This is the mail archive of the gcc-patches@gcc.gnu.org mailing list for the GCC project.


Index Nav: [Date Index] [Subject Index] [Author Index] [Thread Index]
Message Nav: [Date Prev] [Date Next] [Thread Prev] [Thread Next]
Other format: [Raw text]

Re: [PATCH]: GCC Scheduler support for R10000 on MIPS


Kumba <kumba@gentoo.org> writes:
>> Sure.  Just create issue and completion cpu_units and add them to
>> the insn resservations.  If you're interested in doing this, have a look
>> at other scheduler descriptions for inspiration.  (Not just MIPS ones.)
>
> Hmm, the catch is in how I think, I've largely modeled this R10k
> pipeline descriptor spatially in my head, according to the block
> diagram the manual gives and factoring in some of the errata notes.
> Hence why I initially created three automata for the three pipelines
> (int queue, fp queue, and address queue), and then defined the five
> cpu units as the five main blocks (alu1, alu2 (fed by int queue);
> fp-multiply, fp-add (fed by fp queue); and load/store (fed by address
> queue)).
>
> The multiplier gets tricky because it's in its own right subdivided
> into issue/completion, and fp-divide, fp-sqrt, and fp-multiply
> components, the latter three of which run parallel to each it other.
> It's when you define all these cpu units, that all tie to the fp
> queue, that the state count launches itself to the moon.
>
> So might it be more reasonable to create the fp multiplier as a
> separate automata from the fp-queue (and fp adder), and define
> cpu_units to match the issue and completion stages, multiply, divide,
> and square root stages?  Then we can multiply like this:
>
> (define_insn_reservation "r10k_fp_miscmul" 2
>    (and (eq_attr "cpu" "r10000,r12000,r14000,r16000")
>         (eq_attr "type" "fmul,fmove"))
>    "r10k_mpy_issue + r10k_fpmpy + r10k_mpr_compl")
>
> And fdiv and fsqrts like this:
>
> (define_insn_reservation "r10k_fdiv_single" 12
>    (and (eq_attr "cpu" "r10000,r12000,r14000,r16000")
>         (and (eq_attr "type" "fdiv,frdiv")
>              (eq_attr "mode" "SF")))
>    "(r10k_mpy_issue + r10k_fpdiv + r10k_mpy_compl) * 14")
>
> (define_insn_reservation "r10k_fsqrt_single" 18
>    (and (eq_attr "cpu" "r10000,r12000,r14000,r16000")
>         (and (eq_attr "type" "fsqrt")
>              (eq_attr "mode" "SF")))
>    "(r10k_mpy_issue + r10k_fpsqrt  + r10k_mpy_compl) * 20")
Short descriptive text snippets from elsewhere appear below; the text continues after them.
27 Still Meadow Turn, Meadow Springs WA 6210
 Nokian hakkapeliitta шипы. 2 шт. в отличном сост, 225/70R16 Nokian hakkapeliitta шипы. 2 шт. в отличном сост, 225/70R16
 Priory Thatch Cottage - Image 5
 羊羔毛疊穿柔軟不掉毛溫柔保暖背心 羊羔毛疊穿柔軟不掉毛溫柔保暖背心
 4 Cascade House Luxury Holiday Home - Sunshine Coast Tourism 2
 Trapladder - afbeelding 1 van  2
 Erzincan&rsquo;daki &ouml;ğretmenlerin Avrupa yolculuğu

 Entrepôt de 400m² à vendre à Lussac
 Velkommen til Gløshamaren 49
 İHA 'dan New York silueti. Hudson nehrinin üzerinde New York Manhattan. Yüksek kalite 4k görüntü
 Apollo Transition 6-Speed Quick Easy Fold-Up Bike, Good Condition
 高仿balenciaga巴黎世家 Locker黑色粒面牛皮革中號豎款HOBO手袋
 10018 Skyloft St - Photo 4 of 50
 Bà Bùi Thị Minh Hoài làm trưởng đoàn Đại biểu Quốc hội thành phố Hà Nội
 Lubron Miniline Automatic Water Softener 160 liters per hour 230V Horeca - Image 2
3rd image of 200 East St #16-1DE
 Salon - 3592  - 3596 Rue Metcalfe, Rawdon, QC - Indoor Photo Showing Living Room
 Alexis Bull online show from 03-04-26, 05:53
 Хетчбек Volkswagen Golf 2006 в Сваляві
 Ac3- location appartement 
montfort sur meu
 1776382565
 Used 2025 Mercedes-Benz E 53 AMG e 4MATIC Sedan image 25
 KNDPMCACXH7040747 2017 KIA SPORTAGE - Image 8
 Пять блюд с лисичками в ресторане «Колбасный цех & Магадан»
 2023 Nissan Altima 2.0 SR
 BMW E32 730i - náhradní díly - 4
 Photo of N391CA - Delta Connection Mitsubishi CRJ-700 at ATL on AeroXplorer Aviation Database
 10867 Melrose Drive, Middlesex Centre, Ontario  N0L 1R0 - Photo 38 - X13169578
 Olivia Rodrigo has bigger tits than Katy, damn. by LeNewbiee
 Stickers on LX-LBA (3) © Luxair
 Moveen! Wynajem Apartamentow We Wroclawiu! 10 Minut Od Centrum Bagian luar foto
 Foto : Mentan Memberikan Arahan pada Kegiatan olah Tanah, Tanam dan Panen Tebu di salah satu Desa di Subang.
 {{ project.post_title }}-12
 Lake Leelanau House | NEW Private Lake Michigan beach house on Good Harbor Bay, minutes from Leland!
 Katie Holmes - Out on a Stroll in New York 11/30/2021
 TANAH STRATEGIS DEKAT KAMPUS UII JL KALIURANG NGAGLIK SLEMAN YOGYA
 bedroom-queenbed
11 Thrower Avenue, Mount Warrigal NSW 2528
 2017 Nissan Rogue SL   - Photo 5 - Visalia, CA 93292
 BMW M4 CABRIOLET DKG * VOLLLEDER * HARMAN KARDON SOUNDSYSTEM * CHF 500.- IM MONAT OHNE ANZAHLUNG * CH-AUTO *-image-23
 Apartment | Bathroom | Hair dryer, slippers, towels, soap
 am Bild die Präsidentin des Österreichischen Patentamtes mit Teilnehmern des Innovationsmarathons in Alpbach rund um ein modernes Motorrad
I think you want "foo, bar" (foo one cycle, then bar the next)
rather than "foo + bar" (foo and bar simultaneously).  And you don't
want to tie up the issue and completion units for more than one cycle.

>> You need to add the names of the target insn reservations too.
>> Probably the ones for mfhilo.
>> 
>> In fact, if you split the mfhilo reservation into two, one for mfhi and
>> one for mflo, you could avoid the predicate.  (And yes, you'd be using
>> lo_operand to do the split; see sb1.md for how.  But it's the bypass
>> that's the key.)
>
> Okay, this might be easier than the predicates.  How does something like this look?:
>
> (define_insn_reservation "r10k_mfhi" 1
>    (and (eq_attr "cpu" "r10000,r12000,r14000,r16000")
>         (and (eq_attr "type" "mfhilo")
>              (not (match_operand 1 "lo_operand"))))
>    "r10k_alu1 | r10k_alu2")
>
> (define_insn_reservation "r10k_mflo" 1
>    (and (eq_attr "cpu" "r10000,r12000,r14000,r16000")
>         (and (eq_attr "type" "mfhilo")
>              (match_operand 1 "lo_operand")))
>    "r10k_alu1 | r10k_alu2")
>
> And then for the bypasses:
>
> (define_bypass 6 "r10k_imul_single" "r10k_mfhi")
> (define_bypass 10 "r10k_imul_double" "r10k_mfhi")
> (define_bypass 35 "r10k_idiv_single" "r10k_mfhi")
> (define_bypass 67 "r10k_idiv_double" "r10k_mfhi")
>
> We'll set the default latency for the insn_reservations to the LO
> latency, and use bypasses for the HI latency.  Sound kosher?

Looks good.

> I also assume we need not worry about the mthilo insn, right?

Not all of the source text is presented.